Another friend said, "The girls made such a fuss over the babies that it seemed like it was teaching them how much fun it could be without the real messy stuff."

And without any of the actual rewards, like the smile, the warmth, the fingers grasping yours, the seductive, indescribable baby smell. What if the teen was raised by a single father who knew nothing about babies? What if the teen was afraid?

Some of Gaila's friends did seem afraid of this flour bag baby, because it meant a grade, and they weren't sure what to do with it. Perhaps their parents were around to help, or perhaps they are the kind of students who will never be comfortable with babies.

Much of the baby week seemed as arbitrary and absurd as the tape restrictions. Gaila's friend Chris, who rides his bike to school, put his flour bag baby in his backpack when leaving for the day, whereupon a math teacher who witnessed this threatened to call the science teacher and fail him for the week, and told him to carry the baby. OK, I thought, when he passed by my house as he does daily: Is it better for him, or his parents, that he have an accident on his bike, whereupon the flour bag will fly into the four-lane avenue? And is this better, litigation-wise, for the school?

At the end of the week, I asked Gaila's best friend Jackie what she'd learned. She replied, "That flour makes a big mess when you throw the bag and it breaks." I repeated my question, and she repeated her answer verbatim, quite pointedly.

I asked a few other students, and they said, "That when you wrap it with duct tape, you can kick it really hard and nothing happens."

"That my baby clothes fit the bag."

"That babies are a pain."

"That I never want a baby, not now, not never."

OK. Except babies are not just a pain, they are wonderful and fragile and when you're ready, or not, they are alive. None of this seemed proven by the flour bag, which couldn't suck at your cheek or do the aforementioned great baby things. The bag also couldn't throw up or scare the heck out of you.

One Web site, Teen-Aid, Inc., based in Spokane, Wash., agreed, saying, "When returning computerized babies or dumping the bag of sugar, students express relief at being rid of the responsibility." Using this approach, abstinence educators are merely modifying Planned Parenthood's motto, "Every child a wanted child," to "Every child is a pain."
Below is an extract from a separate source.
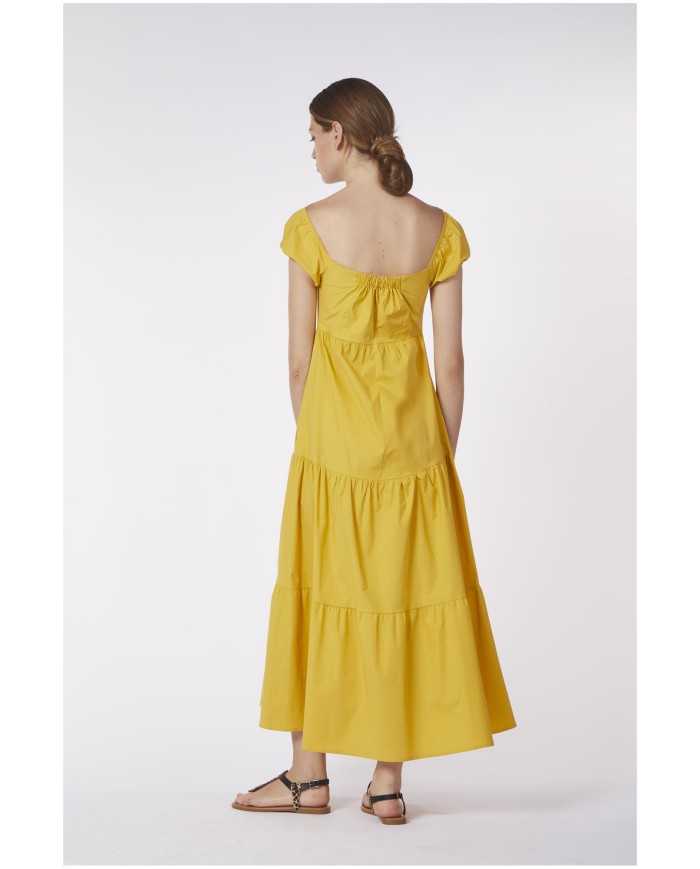 CafèNoir Abito Lungo Giallo - Glamour Calzature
Another Web site, Catholic Exchange, featured an article by Amy Welborn, who had been in church holding her own real baby when she encountered a teen holding a science class baby. "Undoubtedly on a timer, the baby clicked and in a tinny, taped voice, began to cry. The girl poked around in the bag, took out a bottle, put it between the doll's lips and the crying stopped. She tried to take it out after a minute or so, but the doll just started crying again."

Welborn says succinctly about the "see how much of a pain baby is" experiments that kids don't have babies because they are unaware of how much work it is, but because they have a "specific, wrenching failure of will at a very crucial time."
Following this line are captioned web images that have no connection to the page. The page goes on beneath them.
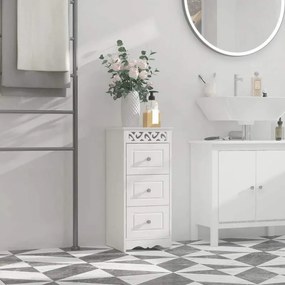 Armário Carol de 3 Gavetas - Design Contemporâneo
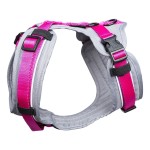 DOGIUS Brustgeschirr GESCHIRR pink/grau zusätzlicher Ring an der Brust für Hunde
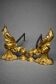 Solid gilded bronze log holder.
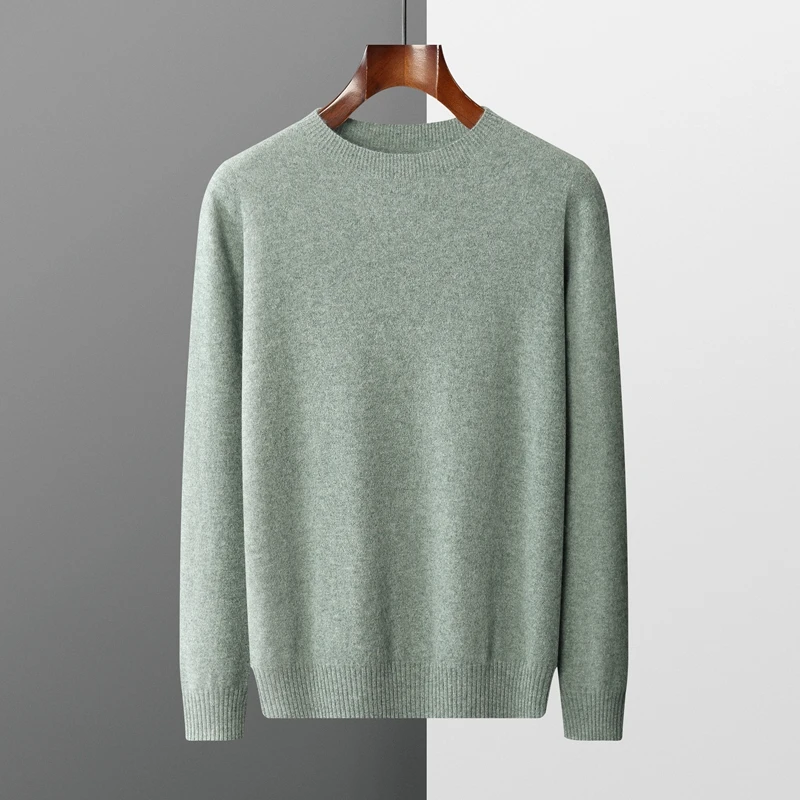 KOIJINSKY Autumn and winter men's o-neckline ready to wear knitted cashmere sweater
She's right. They have sex. They are experimenting, scientifically, and randomly, and seeking warmth, smells and smiles. They might remember a flour bag or a mechanical baby, or their parents' warnings, or they might need that moment of intimacy too much to care. And inconvenience, fear, the real frightening stuff of babies and parenthood, might have come from somewhere far from school.

Our rabbit had babies today, a planned pregnancy. My 6-year-old wanted to put Mel Jr. and Emily together, and that was really how her older sisters figured out conception and parenthood, from previous bunny litters. We came home from school and were shocked by eight babies in various states on the bottom of the cage. Two had been pushed out, and lay in the dirt. We gently put them in the nesting box, and my girls watched, fascinated and frightened and repelled, as I detached the umbilical cord from one struggling baby and put it with the others. Emily's hindquarters were very bloody, and she passed a clot just then, to the disgust and consternation of the girls. "But human mothers do that, too," said Melissa, who'd come to see with her own daughters.

"Gross," all five of our combined girls chimed, and we nodded and grinned. Gross is what it takes, most of the time, to learn the truth.

When we turned to leave, my youngest asked in a worried voice, "What if Emily's not a good mother? What if she kills them, like that bad bunny we had once?"

I raised my hands helplessly. "Then she does. She's the only one who can take care of them. Remember, we tried to save that one with kitten milk? It didn't work."

In the kitchen, Gaila whispered, "I hope we don't go out there in the morning and find them dead."

"I hope not, either," I said. She frowned and went off to her room, the weight of assisted parenthood on her face for the first time.

I opened the cupboard door, and the flour bag was still wrapped in blue Saran. I had asked Gaila, when the project was finished, what she wanted me to do with her baby, and she'd grinned and said, "Let's make brownies." I unwrapped the bag and felt it very light in my hands.